In GPT-3: a disappointing paper, Nostalgebraist argues that the second is unlikely to be what’s happening in the case of GPT-3. It’s not likely that GPT-3 is learning arithmetic from examples. It’s more likely that it is learning that we are doing arithmetic right now. This is less like learning and more like using a good conditional model. It isn’t learning the task, it’s just “locating” one of many tasks that it has already learned.

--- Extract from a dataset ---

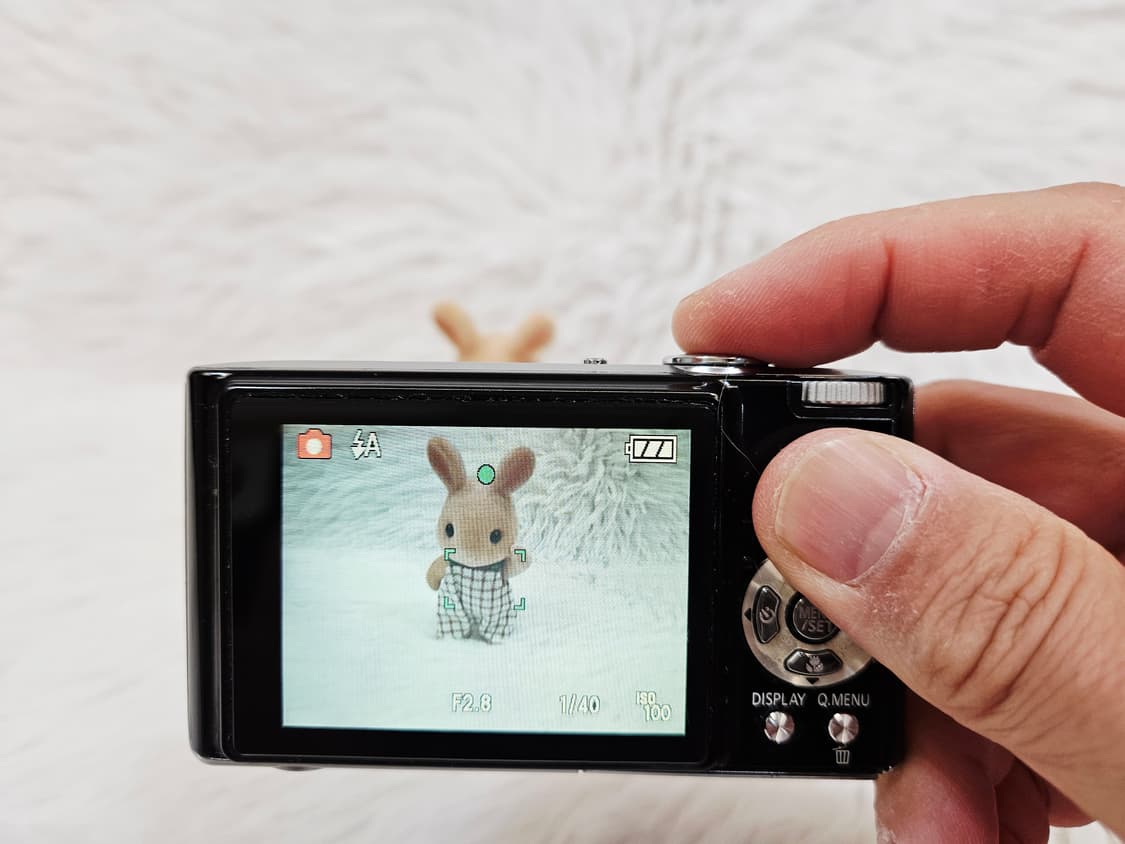 [A급] 파나소닉 루믹스 FX35 디카, 디지털카메라, 라이카 렌즈 상품이미지6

I’ll grant that the distinction gets very, very fuzzy at the boundaries. Are literary parodies of Harry Potter “task location” or “task learning”? On the one hand, it is obviously bringing to bear a great deal of prior knowledge in these cases, rather than learning everything anew on the fly. It would not re-learn this task in an alien language with its frozen weights. On the other hand, it is obviously performing well at a novel task after seeing a minimal demonstration.
I’m not sure where I would place GPT-3, but I lean toward there being a meaningful distinction here: a system can learn a general-purpose learning algorithm, or it can ‘merely’ learn a very good conditional model. The first is what I think “mesa-learner” should mean.
We can then ask the question: did the RL examples discussed previously constitute true mesa-learning? Or did they merely learn a good model, which represented the regularities in the data? (I have no idea.)
In any case, the fuzziness of the boundary makes me think these methods (ie, a wide variety of methods) will continue moving further along the spectrum toward producing powerful mesa-learners as they are scaled up (and hence, mesa-optimizers).